The Point of Impact

A Hard Lesson

tpoi cover

Why The Point of Impact was Never Shopped

I love this story. It’s an adventure, it’s a love story, it’s a mystery, it’s a fantasy, and it’s a thriller. I began writing The Point of Impact in the late 1990s when I worked as a trainer for Chi-Chi’s Mexican Restaurant. I brought the first ten pages to work with me and a couple of employees were genuinely interested in the work. So, every week or so I would show up at work with another chapter, my readers weren’t shy about their enthusiasm for the story, and the next thing I knew I had amassed about a hundred and forty pages of material. 

I realized at that point that I had the makings of a novel on my hands. Motivated by the positive reception the story had garnered, I made the decision to shelve the project and go back to school. That’s when I enrolled in the English program at Kent State University, and this book is why I did it. 

After completing three years of courses the opportunity arose to complete The Point of Impact as a three-semester thesis project. I had an incredible committee of three professors from the English department and one from the Philosophy department. The experience was something that I will cherish for the rest of my life.
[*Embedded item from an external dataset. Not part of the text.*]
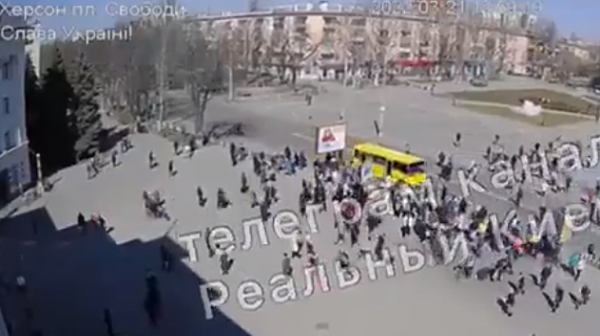 Обстрел по протестиращи срещу руската инвазия в Херсон /видео/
As a way of saying thank you to my committee for all of the time and work they put into the project, I formatted the book, designed the cover, printed four copies using Amazon’s Direct Printing service, and after I completed my defense, I gave those copies as gifts to my committee. That is where I went wrong.
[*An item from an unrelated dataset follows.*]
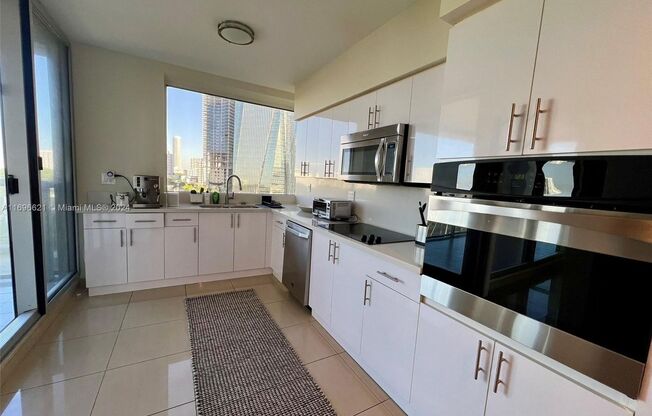 2 beds, 2 baths, 1,697 sqft, $5,750, Unit 1541 Brickell Ave # A10-01 (A11696621)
I learned afterward, when I began my quest for representation, that no literary agent is interested in representing and trying to shop a previously self-published work. And, I know the question, “Does four copies really count?” Unfortunately, yes. Going through the steps it took to produce those four copies constitutes self-publishing. So, thoroughly disgusted and defeated, with a grand total of four copies sold, I gave up writing fiction for ten years. 

That is the terrible story of why The Point of Impact was never submitted for representation.